3E Optimal Control Services – Increasing system performance through data

October 6, 2016


Client:  3E – internal product (software) development
Period:  2014 – 2016


3E is developing software for optimal control of dynamic systems. Our focus is twofold: the building energy sector and the hybrid energy systems. Our approach is Model Predictive Control combined with greybox system identification. The combination of these powerful techniques optimizes the high level control set points of the system. It can be used both in the design and in the operational stage.

Beginning 2015, we have proven enhanced thermal comfort and a 30% energy cost savings compared to state-of-the art control of the hybrid heat pump system in our own office building in Brussels.

We have tested our software on 5 other buildings: 3 large office buildings and 2 elderly homes, to validate the value of the technology.

Our ambition is to offer an optimization layer on top of the existing controller to increase the performance of your building portfolio and hybrid systems.

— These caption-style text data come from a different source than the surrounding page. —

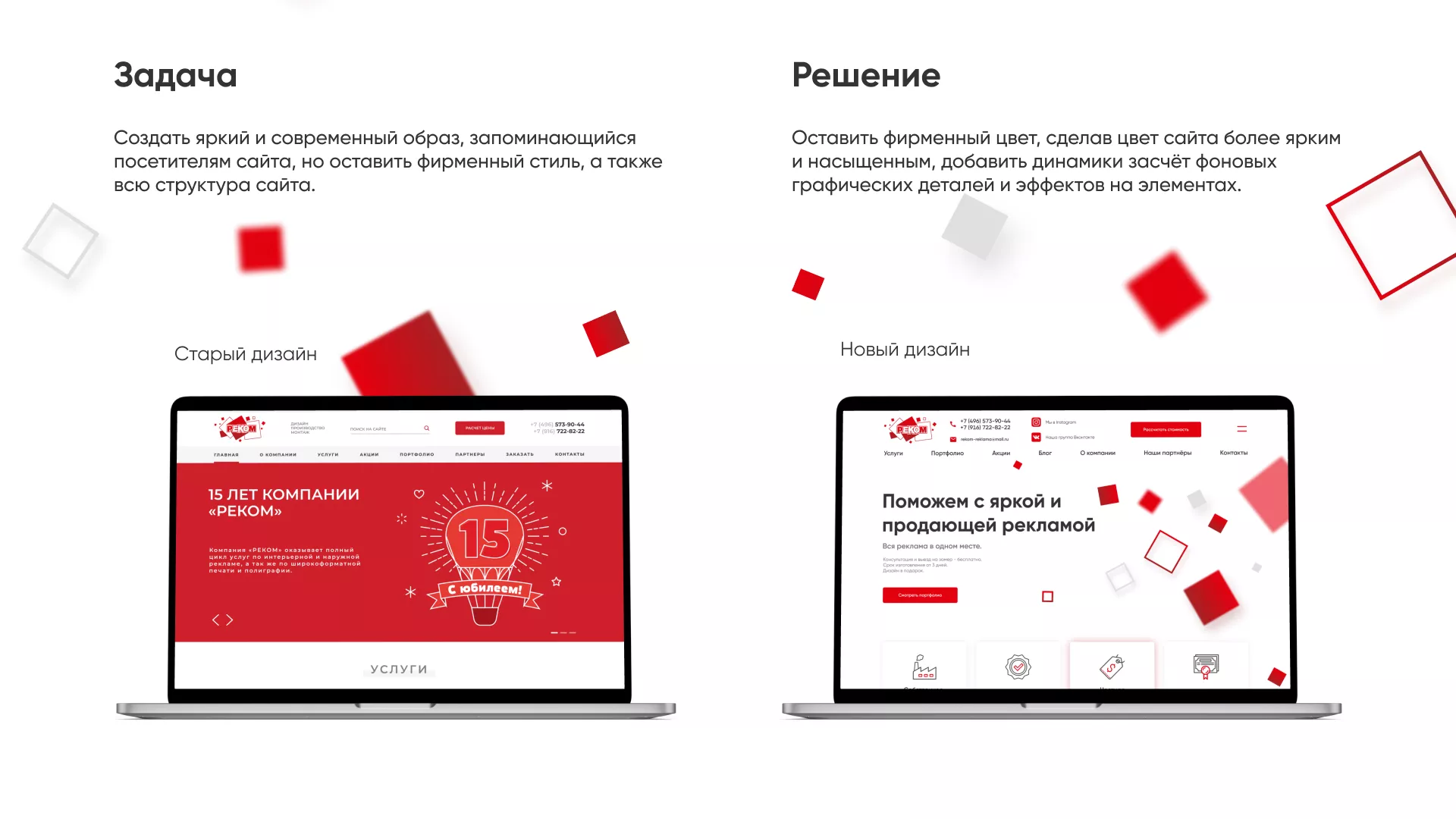 Редизайн сайта в Зиме для рекламно-производственной компании «РЕКОМ»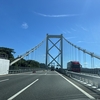 広島～福岡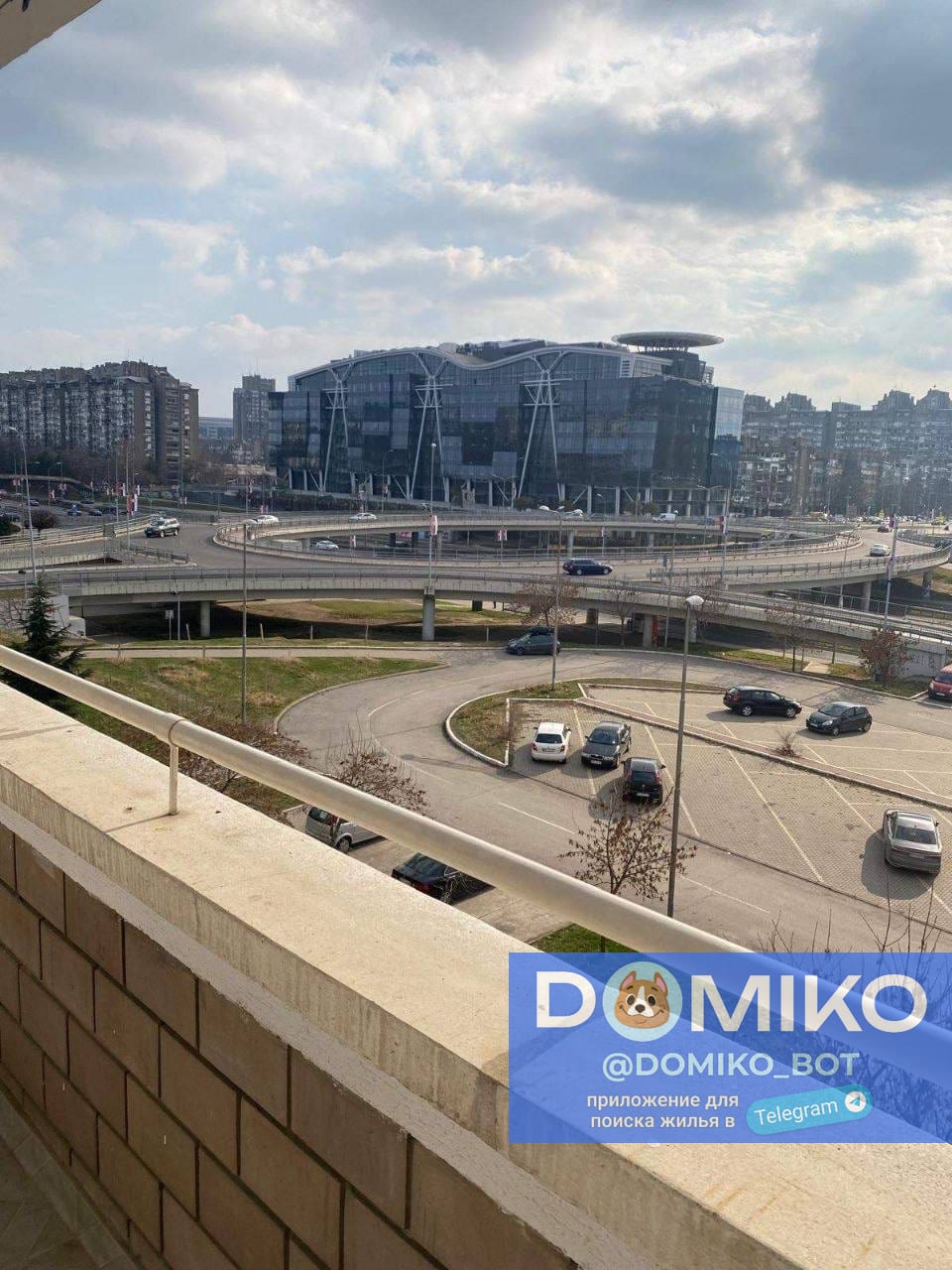 Фото объявления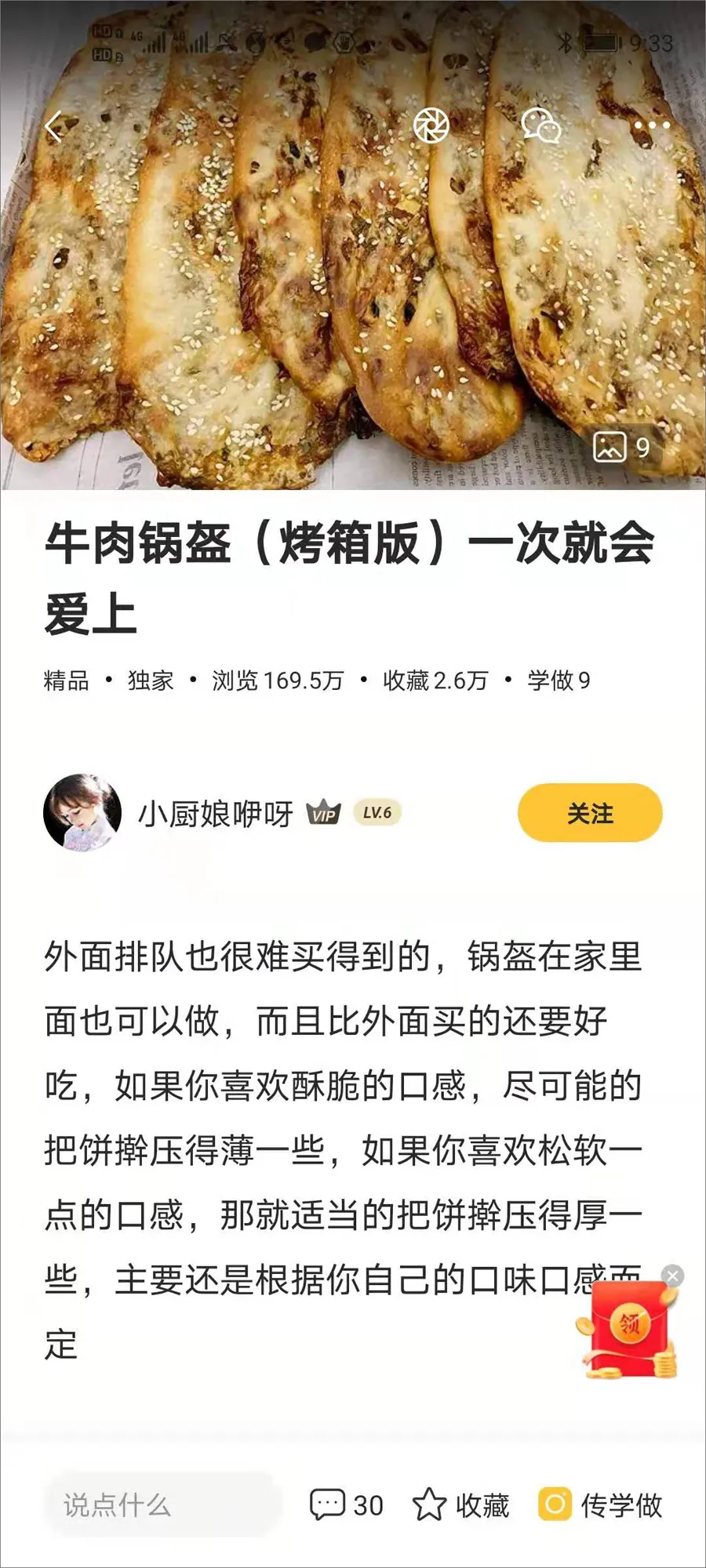 亲测豆果美食7.0版:美食食谱App的沉浸新味道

Model Predictive Control optimizes the system operation over a certain period in time (eg 24 hours) by anticipating the impact of future disturbances on the system. It does so by means of:

  • forecasts of the exogenous disturbances (eg solar irradiation, temperatures, spot market prices…),
  • forecasts of the internal disturbances (eg occupancy, internal gains…),
  • a dynamic system model (eg dynamic building model, battery model),
  • feedback of the actual state (eg indoor air temperatures, battery state-of-charge),
  • knowledge of the constraints (eg maximum power rates, safety operation conditions)
  • and the user-defined objectives (eg maximize auto consumption over the next 24 hours)

This R&D project has been partly financed by SPW-DGO6 within the BATTERIE project.